Para saber mais sobre as modalidades que treinamos e para quem são indicadas, visita as páginas de Wrestling e Kickboxing. E se ainda estás a decidir por onde começar, passa pelos nossos horários e vem conhecer a academia.
FAQ
Posso treinar em jejum?
Depende do tipo de treino e de como o teu corpo reage. Sessões leves a moderadas de manhã podem ser feitas em jejum sem problema para muitas pessoas. Treinos de alta intensidade, sparring ou aulas com muito volume físico pedem combustível. Experimenta e observa como te sentes — o teu corpo dá sinais claros.

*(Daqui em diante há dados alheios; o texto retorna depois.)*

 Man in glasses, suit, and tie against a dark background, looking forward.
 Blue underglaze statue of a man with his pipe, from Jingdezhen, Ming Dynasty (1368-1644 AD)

Quanto tempo depois de comer posso treinar?
Para uma refeição completa (proteína, hidratos, gordura), espera pelo menos 2 horas. Para uma refeição leve, 1 hora é geralmente suficiente. Um snack pequeno pode ser consumido 30 a 45 minutos antes sem problema para a maioria das pessoas.
O que faço se treinar logo depois do trabalho e não tiver tempo de comer bem?
Planeia com antecedência. Uma banana, uma sandes simples ou um iogurte que consumas no caminho já fazem diferença em relação a entrar em vazio. Preparar snacks no início da semana é uma forma simples de não ficares sem opções nos dias mais corridos.
Preciso de suplementos proteicos para progredir nas artes marciais?
Não. Se a tua alimentação cobrir as tuas necessidades proteicas diárias — entre 1,6 e 2,2 g de proteína por kg de peso corporal — os suplementos são uma comodidade, não uma necessidade. São úteis quando é difícil atingir esses valores só com comida, mas não são obrigatórios para evoluir.
A alimentação muda consoante a modalidade que treino?
As bases são as mesmas para todas as artes marciais. Modalidades com mais componente de resistência cardiovascular, como o Muay Thai ou o MMA, podem exigir uma ingestão ligeiramente superior de hidratos. Modalidades mais técnicas e menos aeróbicas têm necessidades calóricas totais mais baixas. O princípio de comer antes e recuperar depois mantém-se sempre.